The task:
The entries should be given again so that each one matches the original exactly.

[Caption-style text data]

------------

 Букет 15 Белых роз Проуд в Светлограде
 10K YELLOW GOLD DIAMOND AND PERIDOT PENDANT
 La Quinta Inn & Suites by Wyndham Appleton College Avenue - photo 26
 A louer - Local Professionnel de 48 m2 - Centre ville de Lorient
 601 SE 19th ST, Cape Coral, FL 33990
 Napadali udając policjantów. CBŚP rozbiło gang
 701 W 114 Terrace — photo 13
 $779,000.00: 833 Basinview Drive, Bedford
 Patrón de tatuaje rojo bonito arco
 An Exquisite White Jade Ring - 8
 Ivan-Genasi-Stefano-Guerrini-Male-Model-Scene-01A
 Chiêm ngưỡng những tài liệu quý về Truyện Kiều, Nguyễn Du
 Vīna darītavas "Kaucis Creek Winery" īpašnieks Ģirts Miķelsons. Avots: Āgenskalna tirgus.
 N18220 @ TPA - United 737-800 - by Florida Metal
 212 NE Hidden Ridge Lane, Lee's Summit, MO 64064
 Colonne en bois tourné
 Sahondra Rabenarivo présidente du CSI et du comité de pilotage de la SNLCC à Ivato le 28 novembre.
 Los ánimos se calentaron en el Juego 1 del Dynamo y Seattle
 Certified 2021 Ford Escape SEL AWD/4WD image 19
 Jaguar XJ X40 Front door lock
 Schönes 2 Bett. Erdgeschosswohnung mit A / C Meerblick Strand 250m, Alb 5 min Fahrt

------------

Solution for this task:
 Букет 15 Белых роз Проуд в Светлограде
 10K YELLOW GOLD DIAMOND AND PERIDOT PENDANT
 La Quinta Inn & Suites by Wyndham Appleton College Avenue - photo 26
 A louer - Local Professionnel de 48 m2 - Centre ville de Lorient
 601 SE 19th ST, Cape Coral, FL 33990
 Napadali udając policjantów. CBŚP rozbiło gang
 701 W 114 Terrace — photo 13
 $779,000.00: 833 Basinview Drive, Bedford
 Patrón de tatuaje rojo bonito arco
 An Exquisite White Jade Ring - 8
 Ivan-Genasi-Stefano-Guerrini-Male-Model-Scene-01A
 Chiêm ngưỡng những tài liệu quý về Truyện Kiều, Nguyễn Du
 Vīna darītavas "Kaucis Creek Winery" īpašnieks Ģirts Miķelsons. Avots: Āgenskalna tirgus.
 N18220 @ TPA - United 737-800 - by Florida Metal
 212 NE Hidden Ridge Lane, Lee's Summit, MO 64064
 Colonne en bois tourné
 Sahondra Rabenarivo présidente du CSI et du comité de pilotage de la SNLCC à Ivato le 28 novembre.
 Los ánimos se calentaron en el Juego 1 del Dynamo y Seattle
 Certified 2021 Ford Escape SEL AWD/4WD image 19
 Jaguar XJ X40 Front door lock
 Schönes 2 Bett. Erdgeschosswohnung mit A / C Meerblick Strand 250m, Alb 5 min Fahrt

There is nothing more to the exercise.